Chapter 17

Ten Free Data Science Tools and Applications

Data Science For Dummies, Lillian Pierson

In This Chapter

Getting creative with free R packages for data visualization

Using open-source tools for scraping, collecting, and handling your data

Analyzing your data with free open source tools

Having fun with visualizations in other open-source applications

Visualizations are a vitally important part of the data scientist’s toolkit. With them, you can leverage the brain’s capacity to quickly absorb visual information. Because data visualizations are a very effective means of communicating data insights, many tool and application developers work hard to ensure that the platforms they design are simple enough for even beginners to use. An application that is simple enough to be useful to a beginner can sometimes be useful to more advanced data scientists, but other times data science experts simply need more technical tools to help them delve deeper into datasets.

In this chapter, I present ten free web-based applications that you can use to do more advanced data science tasks. You can download and install many of these applications on your home machine and most of the downloadable applications are available for multiple operating systems.

Always make sure to read and understand the licensing requirements of any app you use. Protect yourself by determining how you’re allowed to use the products you’ve created.

Making Custom Web-Based Data Visualizations with Free R Packages

The packages and tools that I introduce in this section are useful for creating really cool data visualizations, but they require you to code in R statistical programming language to be able to use them. This said, because you have to code things up yourself with these packages and tools, you can create results that are more customized for your needs.

In this section, I discuss using Shiny, rCharts, and rMaps to create really neat-looking web-based data visualizations.

Getting Shiny by RStudio

Not long ago, if you needed to do serious data analysis, you’d need to know how to use a statistics-capable programming language like R. And if you needed to make interactive web visualizations, you’d have to know how to code in languages like JavaScript or PHP. Of course, if you wanted to do both simultaneously, you’d have to know how to code in an additional two or three more programming languages. In other words, web-based data visualization based on statistical analyses was a cumbersome task.

The good news is that things have changed. Because of the work of a few dedicated developers, the walls between analysis and presentation have crumbled. With the 2012 launch of RStudio’s Shiny package (http://shiny.rstudio.com), both statistical analysis and web-based data visualization can be carried out in the same framework.

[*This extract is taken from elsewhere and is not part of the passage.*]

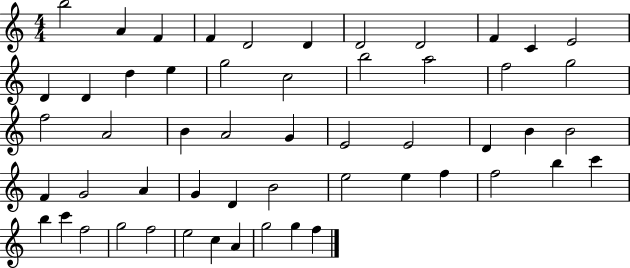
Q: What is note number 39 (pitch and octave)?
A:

RStudio — already, by far, the most popular integrated development environment (IDE) for R — developed the Shiny package to allow R users to create web apps. Web apps made in Shiny run on a web server and are interactive (with them, you can interact with the data visualization and do things like move sliders, check boxes, or click on the data itself). Because these apps run on a server, they’re considered live — when you make changes to the underlying data, those changes are automatically reflected in the appearance of the data visualization. Web apps created in Shiny are also reactive — in other words, they output updates instantly in response to a user interaction, without the user having to click a Submit button.

If your goal is to quickly use a few lines of code to instantly generate a web-based data visualization application, you can use R’s Shiny package to do this. What’s more, if you want to customize your web-based data visualization app to be more aesthetically appealing, you can do that by simply editing the HTML, CSS, and JavaScript that underlie the Shiny application.

Because Shiny produces server-side web apps, you’ll need a server host and you’ll need to know how to host your web app on a server before you can make useful web apps using the package.

Shiny runs a public web server called ShinyApps.io (www.shinyapps.io). You can use that service to host an app there for free, or you can pay to host there if your requirements are more resource intensive.

Charting with rCharts

Although R has always been famous for its beautiful static visualizations, only recently has it been possible to use R to produce web-based interactive data visualizations.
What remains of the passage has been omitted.